Your doing it wrong. Get a night's rest and get back to it in the morning and you'll code better than everyone else who stayed up all night.


This is what I do. Get some rest, and come back.


Game jam Melbourne pretty much does this. Friday to Sunday, facilities to sleep and shower. Food and drink (with healthy choices) available. Those that were most productive probably were those that went to bed at a reasonable time the first night.


I never try to kill my self at Hackathons. Go to sleep when you are tired and dont eat crap. At some point you are bound to get only diminishing returns, you should know this by now if you are all grown up.


This is how we do things at ZocDoc actually (http://engineering.zocdoc.com/post/19991240421/winter-hackat...) and it really is great. We start thursday evening and finish on sunday, there are definitely late nights but plenty of sleep. The timespan is more than reasonable to finish a project. Definitely the best way to do a hackathon.
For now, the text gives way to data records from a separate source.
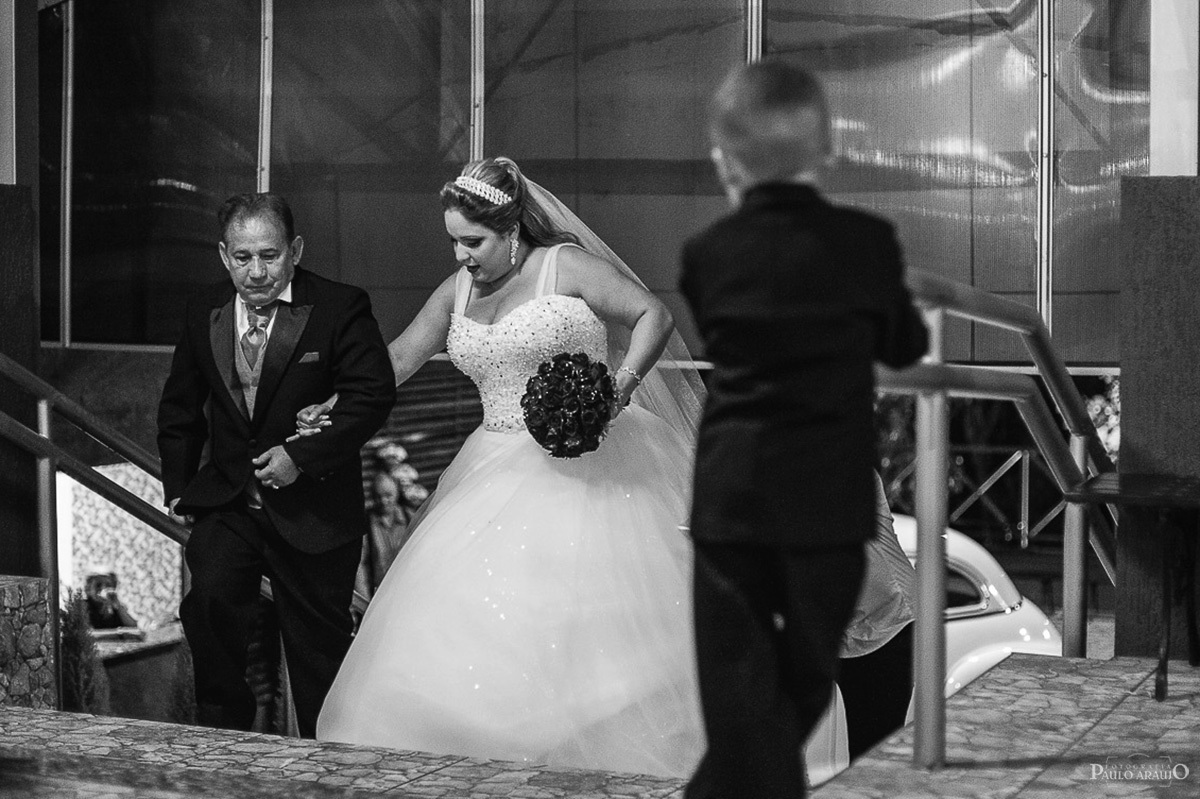 Entrada da noiva na cerimônia de casamento em mairiporã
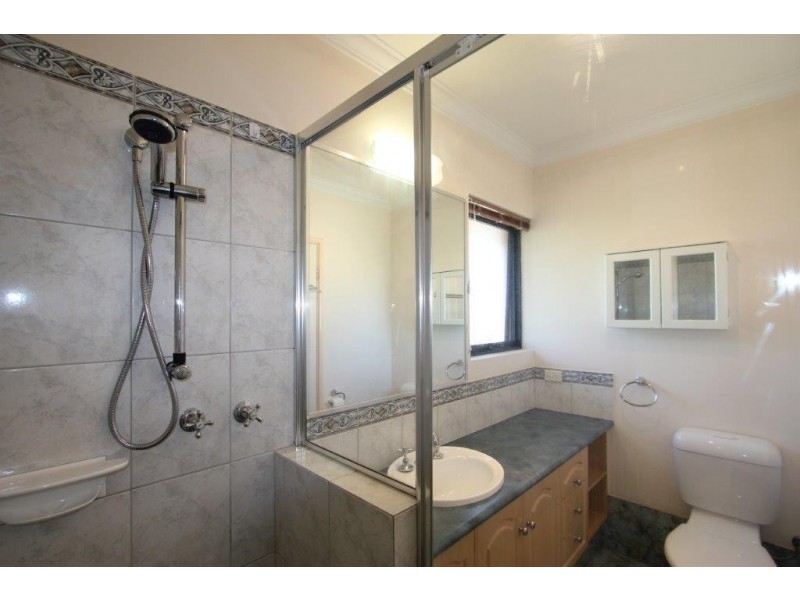 3/168 Melville Parade, Como WA 6152
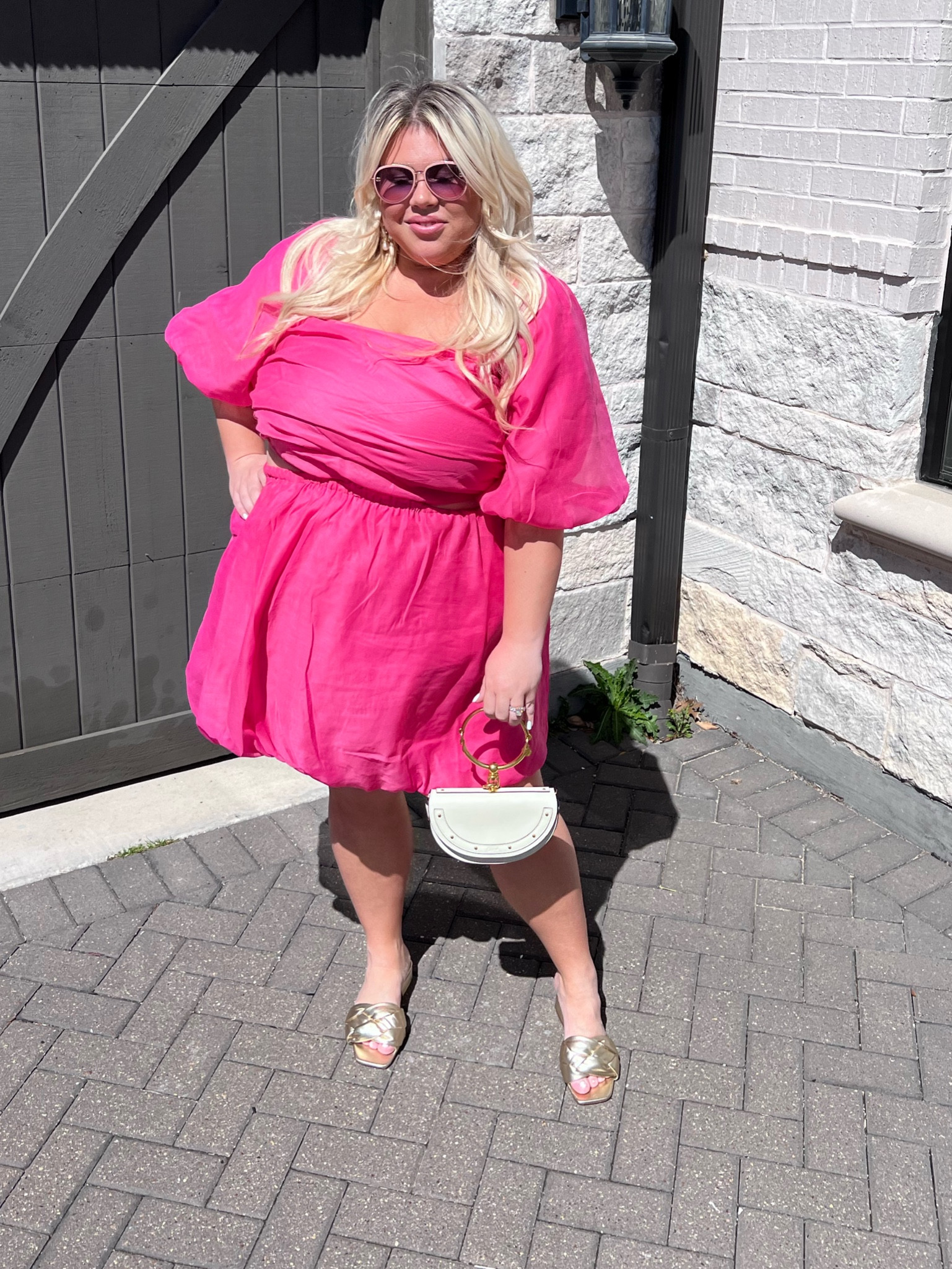 Barbie DUUUPPPE. Perfect spring dress that goes right into summer. This dress is 38.00 and comes in more colors. I’m wearing the XXL. 

#LTKstyletip #LTKcurves #LTKunder50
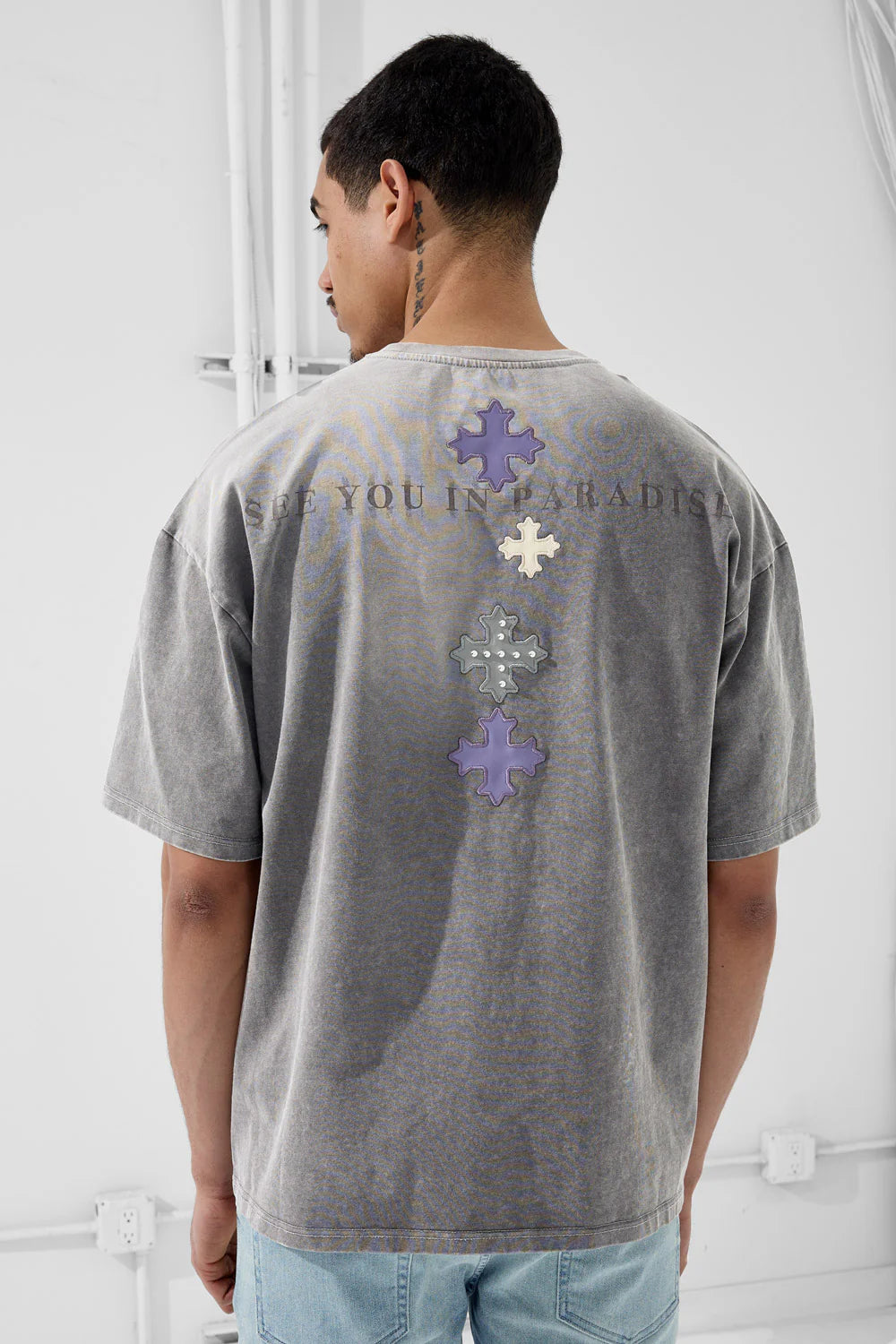 Utopia T-Shirt - Smoked Grey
That's why over at Berkeley we at Hackers at Berkeley decided to start hosting Hackjams. They're twelve hour events from about 1 PM to 1 AM. We have much less pressure, more emphasis on fun and trying things out and showing what you learned, even if you don't have anything approaching a product (I once showed an awful demonstration of all that I had managed to learn about Three.JS in five hours).


I absolutely agree with the article. Most people don't realize that their productivity will become shitty if you introduce little sleep, bad food and no exercise - so why would you artificially work with exactly these things to finish your product?


48 or 72 hours total time spent developing an application should be ample time to have something bootstrapped. I don't mean 3 days, I mean total time working on a project.

I've found that if I go over the 72 hour mark, I begin to lose interest


Lean Startup Machine takes the three-day approach and it works extremely well.


Whenever we (http://brighterplanet.com) sponsor hackathons we always do a "Healthy Hacker" component, with yoga, healthy food, etc. e.g.:

http://numbers.brighterplanet.com/2011/04/12/healthy-hacker-... http://numbers.brighterplanet.com/2012/01/27/cleanweb-hackat...


Do multi-day marathons for runners, swimmers, and other sports athletes go continuously 24-hour or do they have a way to fairly sleep each night? If so, is there anything to be learned by how traditional sports handle this issue?

I read somewhere that some races take a time snapshot of when the athletes arrive at a sleeping stop and use it to determine when they can resume the next day.


I would recommend taking a look at http://hackdaymanifesto.com

Also as someone who has runs about one community event be it hackday, designjam or barcamp a month I have learned to cater for everyone as best as possible.


If you increase the length of a hackathon (from 1 day to 2, or 2 to 3) then you'll just increase the expected output, people likely won't take it easier.


I agree, especially on the food & drinks and on physical exercise.

That's why hackerspaces are better imho. You don't have to rush an idea to be finished in a weekend.


This isn't rocket science, put explosive fuel in your body and you sprint for about 6 hours, and then you crash and need 5 days to recover. Ignore the warnings and drink these poisons/fuels several times a day and you'll burn yourself out after 3 to 10 months and decide that botany isn't as bad a career path as everyone says. Burn out is your body telling you that the red bulls are killing you.